Sqoop Development Guide

Sqoop is a tool that can intertransably transfer data between Hadoop and relational databases. It can import data from a relational database (such as MySQL, Oracle, Postgres, etc.) into Hadoop’s HDFS, or it can also export data from HDFS into a relational database.

Note:

For Sqoop to import and export data in MySQL, it is necessary to ensure that the data in MySQL can be accessed by remote users, otherwise permission errors will be reported.

For detailed use, please refer to the official web page

1. Basic Operations

1.1 Sqoop Installation Configuration

In UHadoop, Sqoop is installed by default with Oozie. If you have selected Oozie when creating a cluster, Sqoop will be installed on the uhadoop-*****-master2 node. If you need to install Sqoop separately, you can follow the steps below, otherwise, you can skip it.

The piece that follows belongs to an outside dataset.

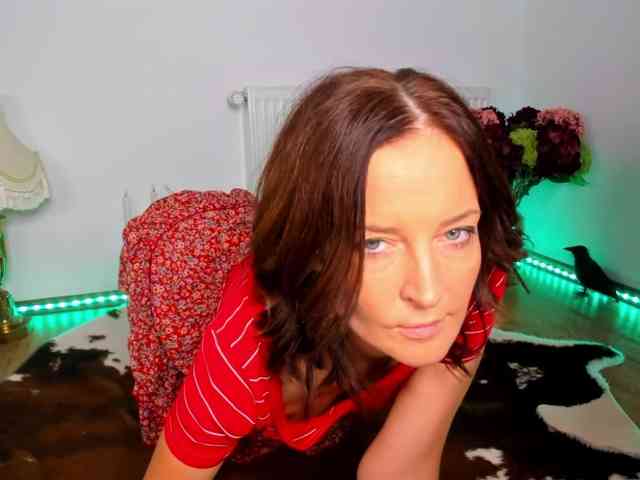 SatyneQueen webcam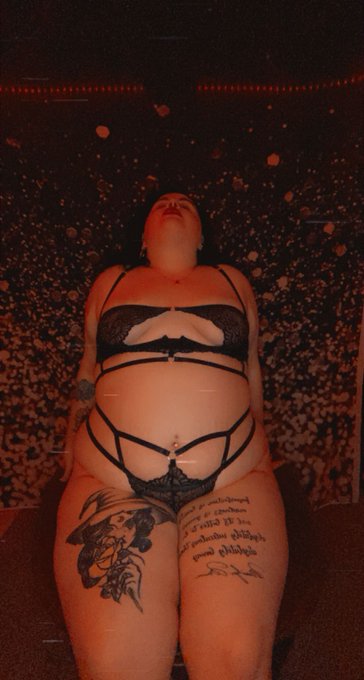 I mean id say its pretty good for a big girl 🥺 #onlyfans #plussizegirl #lingerie #18+ #onlyfans18 #nsfw<a href="/tag/lingerie"class="tags"><span>#lingerie</span></a><a href="/tag/nsfw"class="tags"><span>#nsfw</span></a><a href="/tag/onlyfans"class="tags"><span>#onlyfans</span></a><a href="/tag/plussizegirl"class="tags"><span>#plussizegirl</span></a><a href="/tag/onlyfans18"class="tags"><span>#onlyfans18</span></a>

a. Script Installation in UHadoop

Taking the installation on the master1 node as an example.

Execute the following command as the root user on the master1 node, it will be installed in /home/hadoop/ directory by default.


cdh5.4.9
sh /home/hadoop/.versions/umrAgent/script/install.sh sqoop 1.4.5 cdh5.4.9
Run source ~/.bashrc


cdh5.13.3
sh /home/hadoop/.versions/umrAgent/script/install.sh sqoop 1.4.7 cdh5.13.3
Run source ~/.bashrc

b. Tar Package Installation (for cdh5.4.9, cdh5.13.3 can use the script installation described above)

The following example is the process of downloading the tar package and installing it on the UHadoop node; If you are installing on a non-UHadoop node, you need to change the related paths, and you can refer to it as appropriate.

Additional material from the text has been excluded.